Comment author: Malenfant 12 March 2013 02:52:51PM 1 point [-]

I'll expand on Dan Armak's issue with using "moment". When I try to imagine this, I end up with this conceptual image of a series of consciousnesses, each going "Oh-wow-i-finally-exist-oh-no-I'm-dying", but that's totally wrong. They don't have near enough to time to think those thoughts, and in fact to think that thought they would have to break into several more moment-consciousnesses, none of which could really be described as "thinking". If each moment-consciousness is continuously appearing and disappearing, they're not appearing and disappearing in the same sense that we use those words in any other situation. It seems analogous to watching a ball move, and concluding that it's actually a series of balls "appearing and disappearing". Why not just say it's moving?

The other thing that I always have to remind myself is that even though it feels like there's a consciousness moving, in reality my "consciousness" is present at every moment in time that I exist! And moving is a word that means position changing as time changes, so talking about moving through time is talking about "time changing times as time changes", which doesn't really say anything.

Lastly, if there were a thread connecting all past and future consciousness, how would you know? Would it feel any different than your experience now?

In response to Don't Get Offended
Comment author: John_Maxwell_IV 07 March 2013 08:20:12AM *  32 points [-]

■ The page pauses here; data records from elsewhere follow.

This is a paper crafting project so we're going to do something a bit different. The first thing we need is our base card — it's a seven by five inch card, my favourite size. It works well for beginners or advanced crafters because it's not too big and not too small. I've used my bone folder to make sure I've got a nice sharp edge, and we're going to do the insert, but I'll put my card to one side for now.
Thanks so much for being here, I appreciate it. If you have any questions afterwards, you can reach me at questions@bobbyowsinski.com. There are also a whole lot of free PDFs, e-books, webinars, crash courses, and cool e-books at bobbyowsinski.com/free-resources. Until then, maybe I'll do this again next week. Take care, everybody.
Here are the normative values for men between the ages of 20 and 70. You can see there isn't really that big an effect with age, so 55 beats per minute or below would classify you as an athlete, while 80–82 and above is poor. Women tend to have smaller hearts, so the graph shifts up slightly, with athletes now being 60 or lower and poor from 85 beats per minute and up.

I used to feel that getting offended was useless and counterproductive, but a friend pointed out that if people are not treating you with respect, that can be a genuinely problematic situation.

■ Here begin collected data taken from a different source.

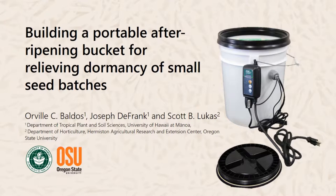Aloha, my name is Orville Baldos and I'm an assistant researcher at the University of Hawaii at Manoa. Today I'm going to share with you how to build a portable after-ripening bucket for relieving dormancy of small seed batches.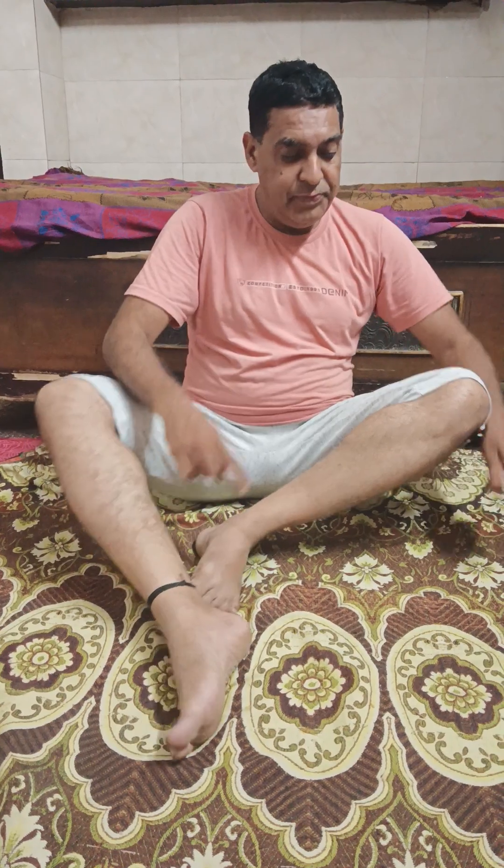The next asana: sometimes we feel some pain in our feet. To give relaxation to your body, move very smoothly — it will strengthen your muscles.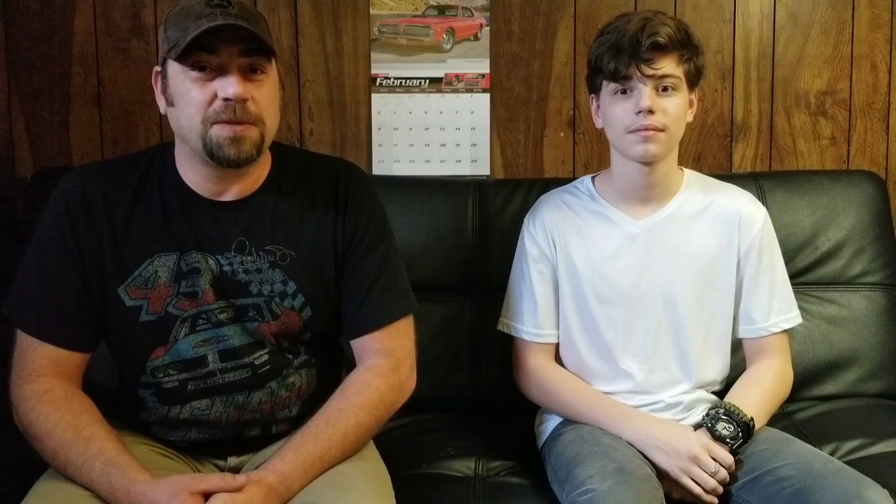We wanted to congratulate Cleus McFarland on his purchase with James and his crew — they knocked it out of the park. I watch him all the time and can't wait till they open up the track. They probably won't see this video but we want to let our viewers know — Cleus McFarland has a YouTube channel too and we'll put it in the description. Congratulations guys, hope the track gets rebuilt, and maybe someday once we get our cars built we can take it out there and do some burnouts.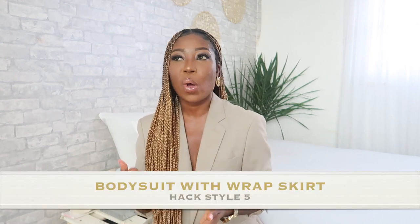Style number five is the wrap skirt with a bodysuit. I'm always shopping for bodysuits — long sleeves, short, or even tank top styles. This is another easy way to style your wrap skirt. You can tie it short or long, whichever suits you, then accessorize and you're good to go. You can take it from daytime to evening however you want.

Wei Dai suggests that offense is experienced when people feel they are being treated as being low status. So if you feel offended, a good first question might be "do I care that this person is treating me as low status?" If there is no one else around, and you don't expect to see the person again, then your answer may be no. If there are others around, or you expect to see the person again, then things may be more difficult. Yes, you can politely ask people to be more considerate of you, but that's not exactly a high-status move.

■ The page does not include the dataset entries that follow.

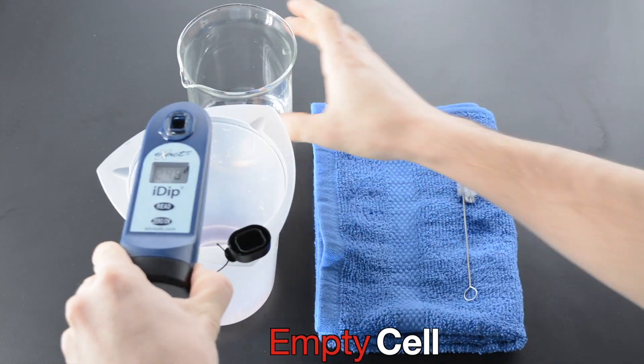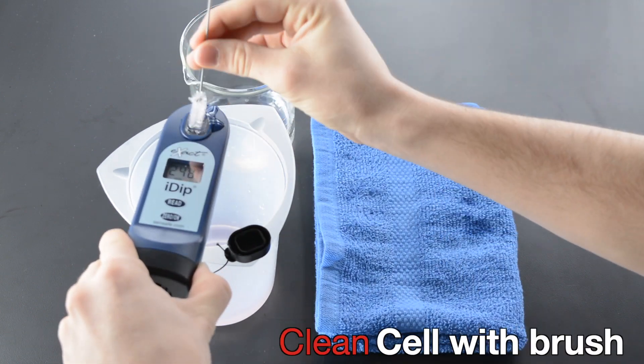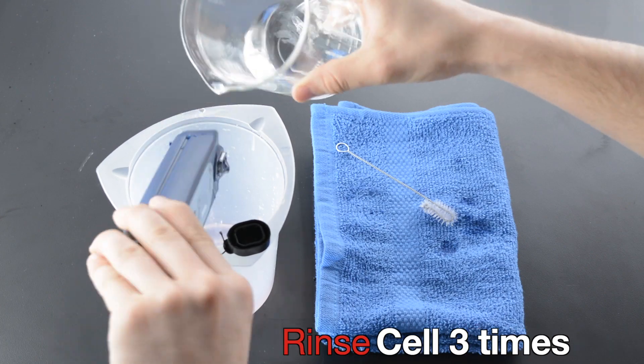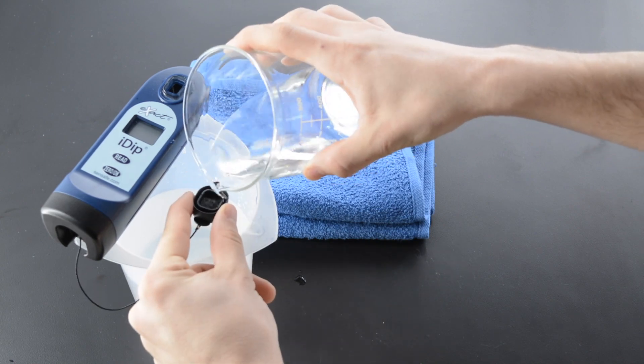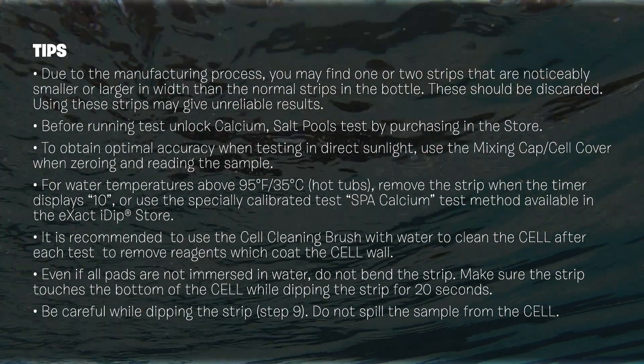Empty cell. Clean cell with brush. Rinse cell three times. Rinse cap three times. Take a look at the table. Drain.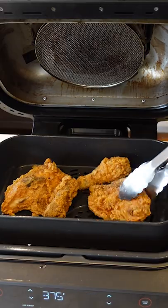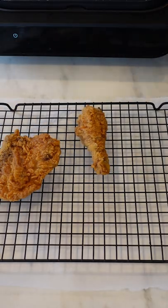Remove it to a wire rack to cool a bit and enjoy this leftover chicken as if it was the first time. I hope you got that sound on.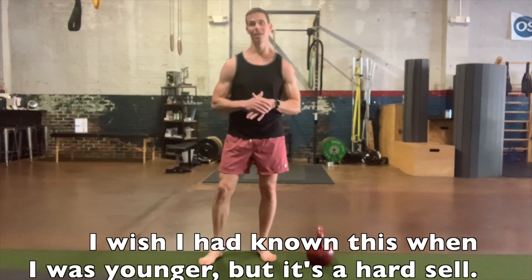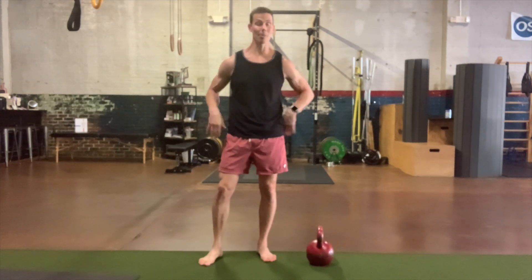Hey guys, I'm Tim, and this week on the Becoming Bulletproof Project I wanted to show you a way that you can add a little pump to suitcase carriers. I'm a huge fan of carriers because it's just a really easy way to build real-world functional strength. Suitcase carriers make a very strong center, and if you've got a strong center, life is just easier.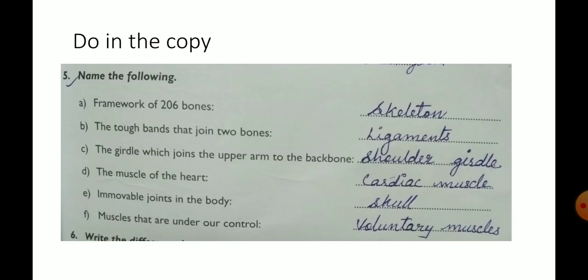Next, exercise 5, same page number, page number 21. This exercise also do in the textbook and also in the copy. Name the following.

So, I don't feel that "never act offended" passes the "rationalists should win" test as a group norm. It might actually be good that "That's offensive" represents a high-status way to say "You're treating me as low status. Stop."

It might even be worthwhile to expand the concept of offense. Currently it's only acceptable to be offended when people treat you as low status in certain narrow ways. If someone says something nasty about your nose, "That's offensive" is not nearly as high-status a response as it would be if someone said something about your race. (Theory: "That's racist" works as a high-status response because you're implicitly invoking the coalition of all the people who think racist statements are bad.) But nasty statements about your nose can still be pretty nasty.

To expand the concept of offense to all nasty statements, you might have to create a widespread social norm against nasty statements in general, to give people a coalition to invoke. Though, perhaps "Gee, you sound like someone who has a lot of friends" or similar would act as an effective stand-in.

(As you point out, it's not too hard to fake offense, so we don't necessarily disagree on anything.)

Comment author: Malenfant 08 March 2013 09:11:11PM 11 points [-]

Machiavelli wrote in "The Prince" about the similar dilemma of advice. If you let everyone give you advice, you seem like a pushover, but if you don't take any advice, you'll probably do something stupid. His recommendation was to have a circle of people who you take advice from, and to ignore everyone else.

A similar system could work well for offense. If you want to be high-status, when most people lower your status, get offended. But for a select few (probably the people who you work with when you're seeking truth in some form or another) practice never taking offense, as the original post suggests. Ideally, these people would know they could offend you, so they wouldn't censor potentially helpful ideas.